(Scraped caption text data)
━━━━
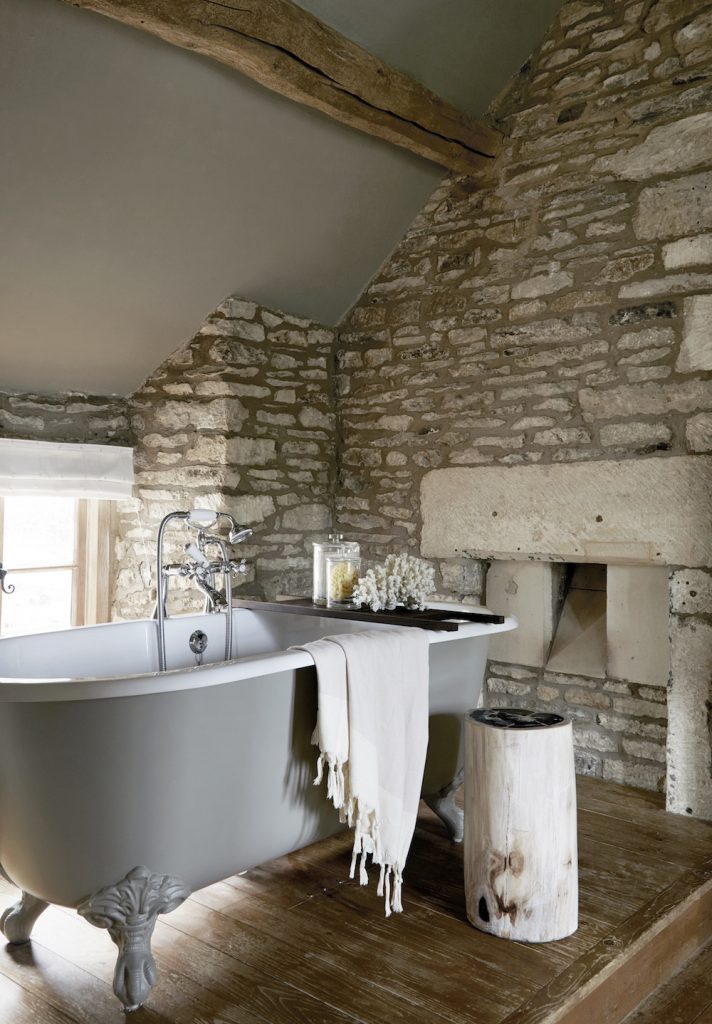 A bathroom designed to sit sensitively within the existing stone architecture, illustrating a considered interior response to the character of the building.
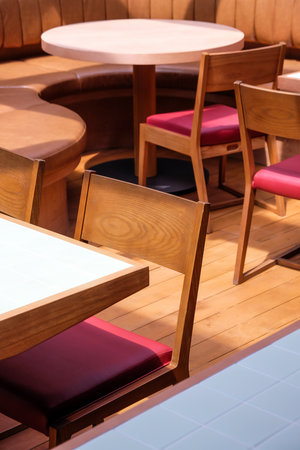 Wooden chairs and tables in a cafe, closeup of photoの写真素材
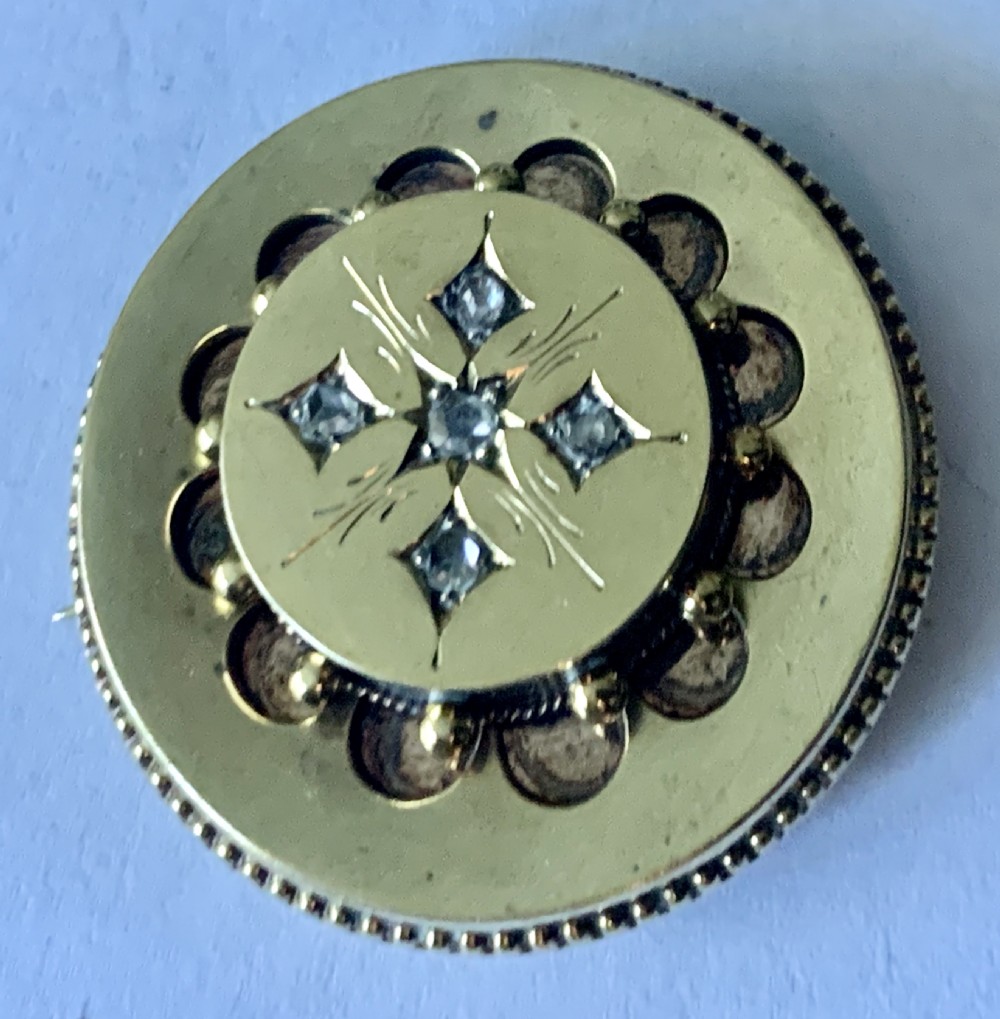 A Victorian Etruscan Diamond Set Brooch, of circular form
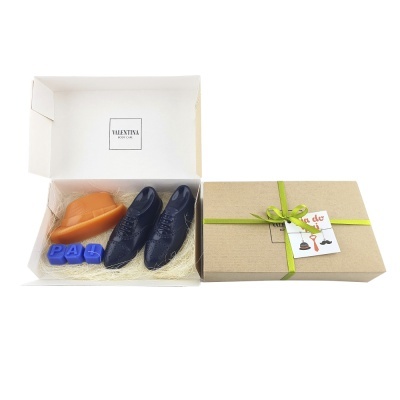 Caixa de chocolates com formato de sapatos castanhos e pretos, blocos azuis com letras P A D e embalagem com fita verde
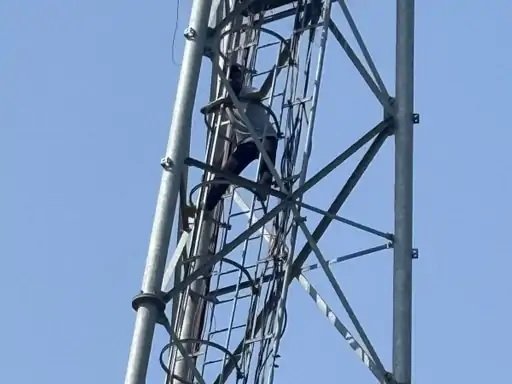 young man climbed the tower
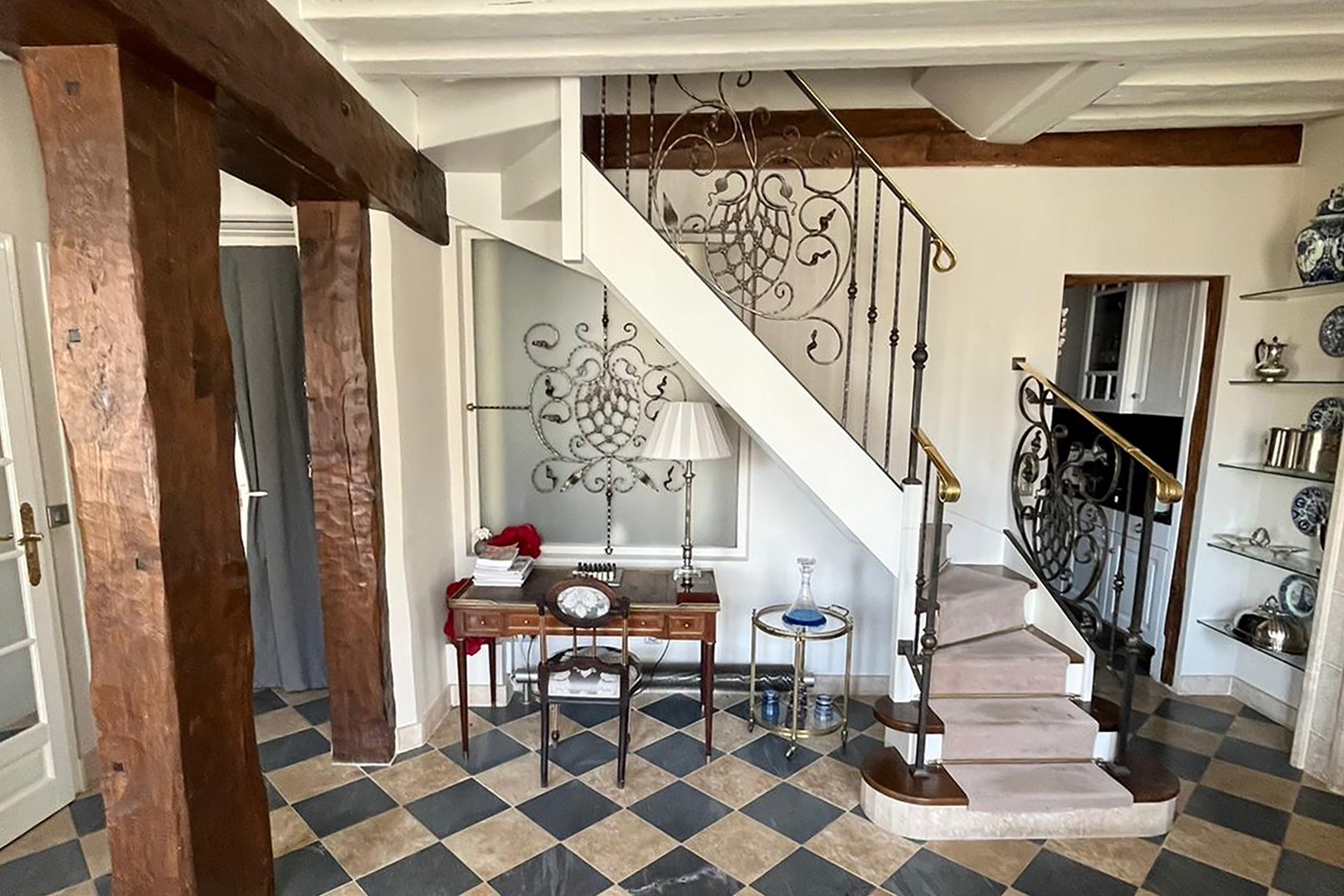 Internal staircase leads up to the second level bedrooms.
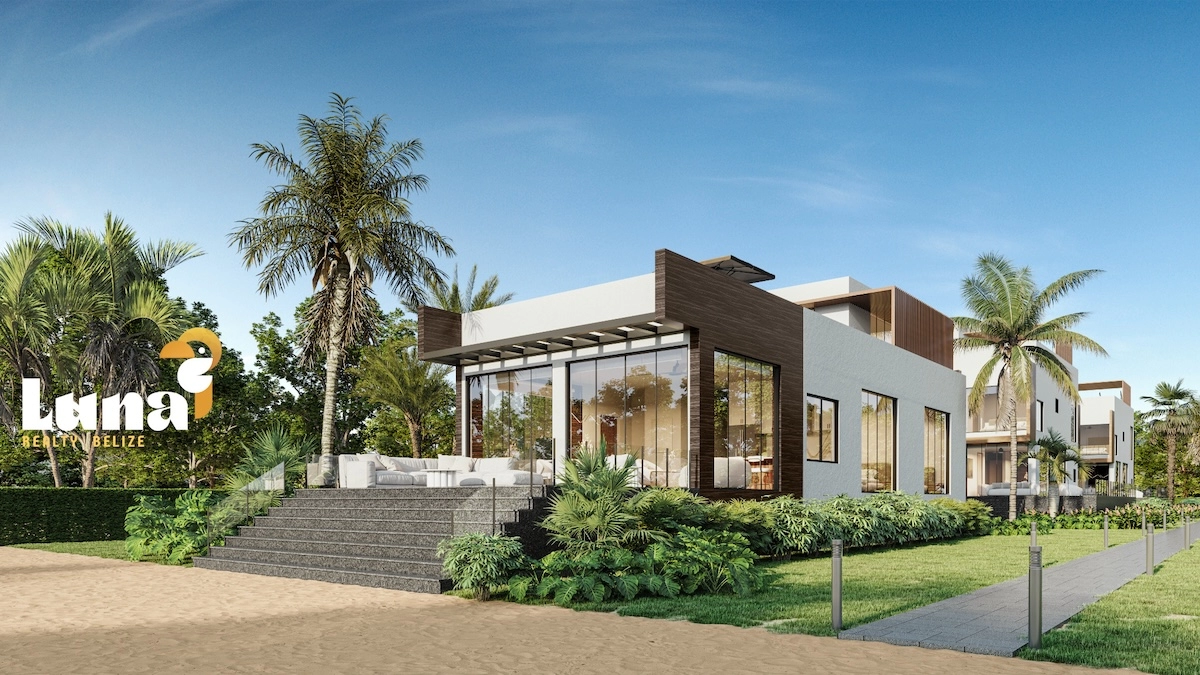Modern house with palm trees and lawn.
━━━━
Task requirements: From the line that contains "Caixa de chocolates" to the last line of the records above, copy each line exactly, both ends included, and leave the pictures out.

Solution:
 Caixa de chocolates com formato de sapatos castanhos e pretos, blocos azuis com letras P A D e embalagem com fita verde
 young man climbed the tower
 Internal staircase leads up to the second level bedrooms.
Modern house with palm trees and lawn.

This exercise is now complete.